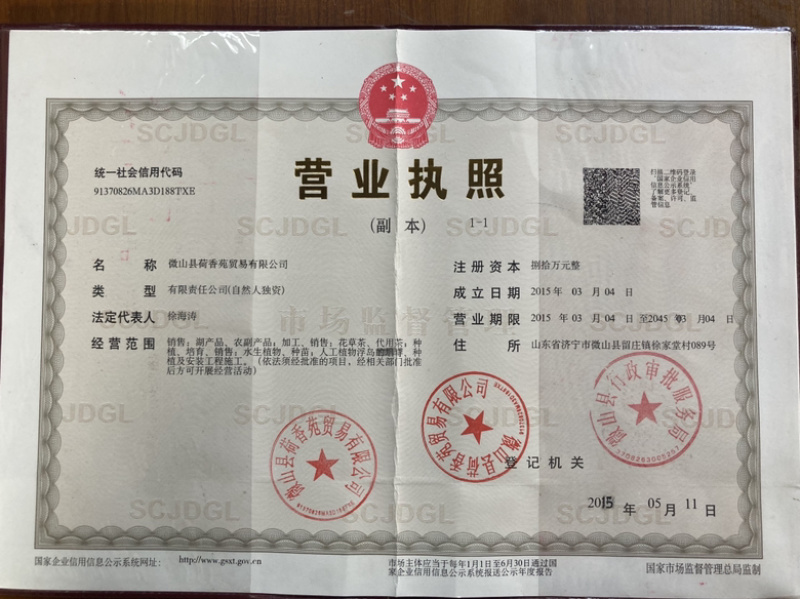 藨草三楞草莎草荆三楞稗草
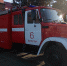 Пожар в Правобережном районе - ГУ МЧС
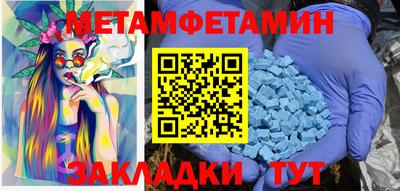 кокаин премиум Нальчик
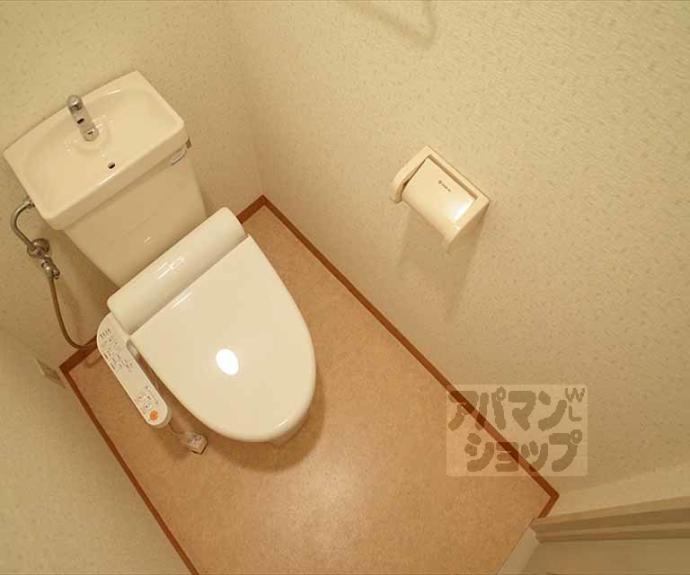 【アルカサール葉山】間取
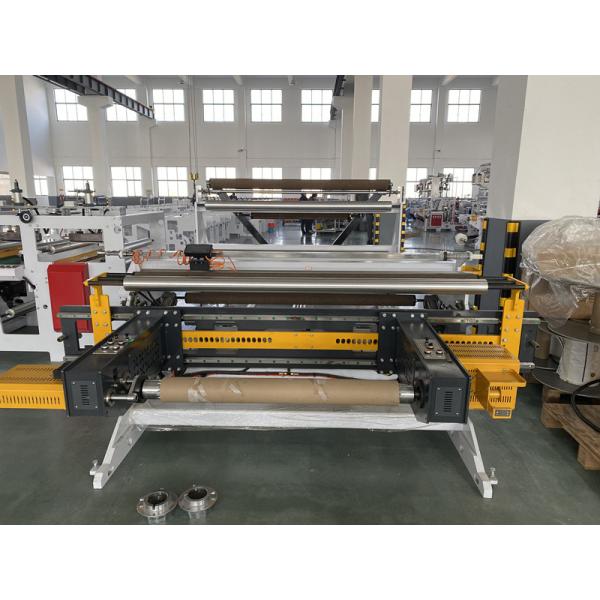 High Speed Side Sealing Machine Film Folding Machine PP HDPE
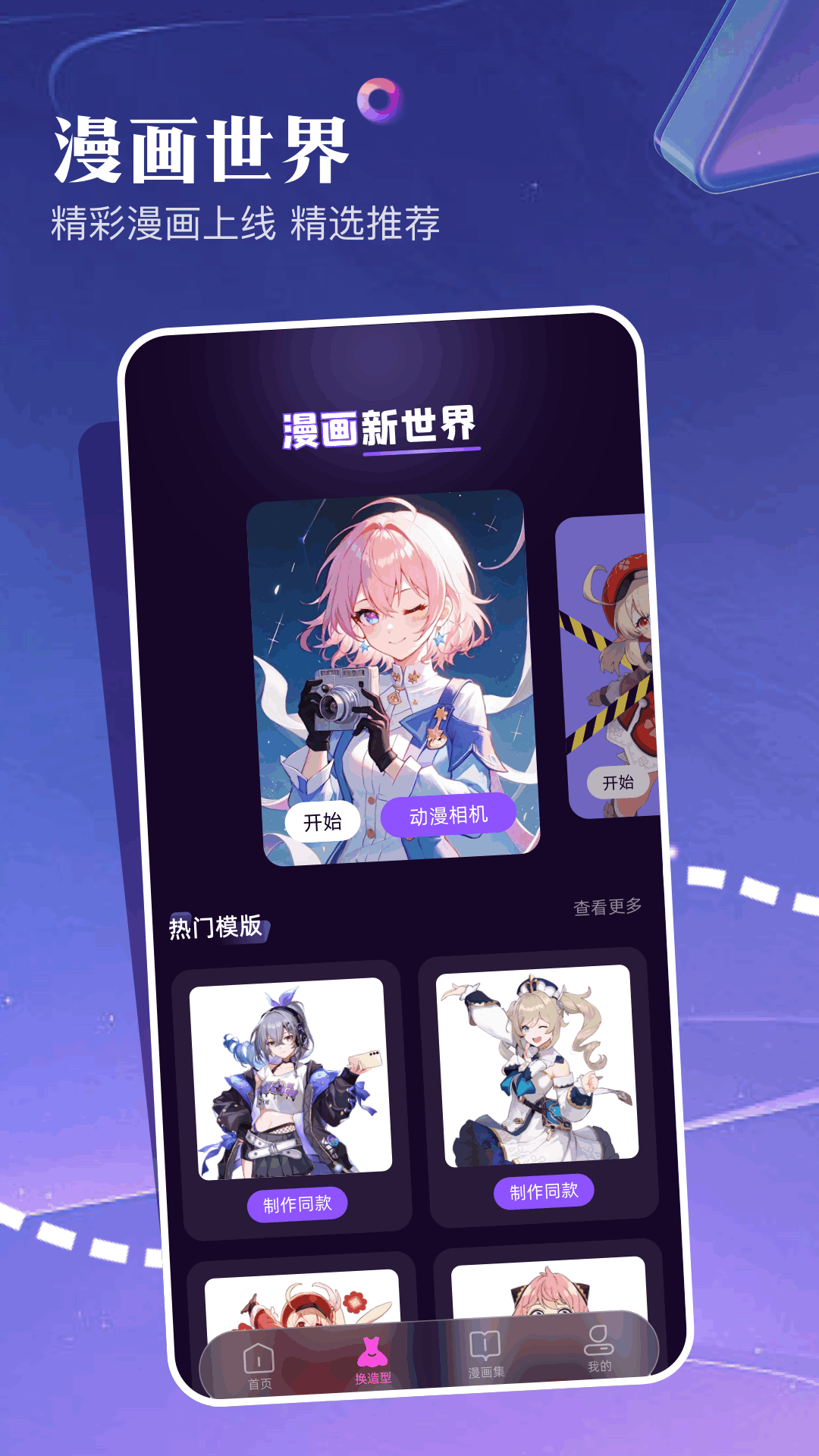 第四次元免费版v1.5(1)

--

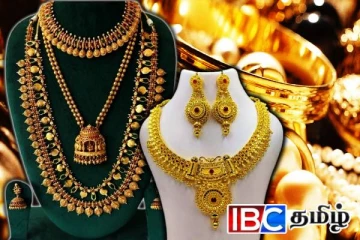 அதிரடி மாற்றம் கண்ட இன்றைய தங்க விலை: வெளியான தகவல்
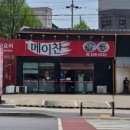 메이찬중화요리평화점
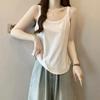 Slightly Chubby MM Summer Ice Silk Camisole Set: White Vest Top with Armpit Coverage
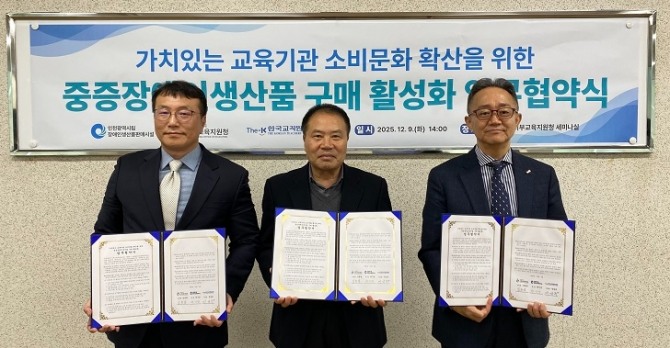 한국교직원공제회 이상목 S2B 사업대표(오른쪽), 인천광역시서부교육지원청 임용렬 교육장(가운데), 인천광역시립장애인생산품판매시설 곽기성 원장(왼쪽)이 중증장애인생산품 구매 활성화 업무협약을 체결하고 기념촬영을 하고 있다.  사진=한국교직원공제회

--

- **TASK DETAILS**: Would you output only the span of the records above that opens with the line containing "Slightly Chubby MM" and closes with the line containing "한국교직원공제회 이상목 S2B", ends included and pictures dropped?

- **TASK OUTPUT**:
 Slightly Chubby MM Summer Ice Silk Camisole Set: White Vest Top with Armpit Coverage
 한국교직원공제회 이상목 S2B 사업대표(오른쪽), 인천광역시서부교육지원청 임용렬 교육장(가운데), 인천광역시립장애인생산품판매시설 곽기성 원장(왼쪽)이 중증장애인생산품 구매 활성화 업무협약을 체결하고 기념촬영을 하고 있다.  사진=한국교직원공제회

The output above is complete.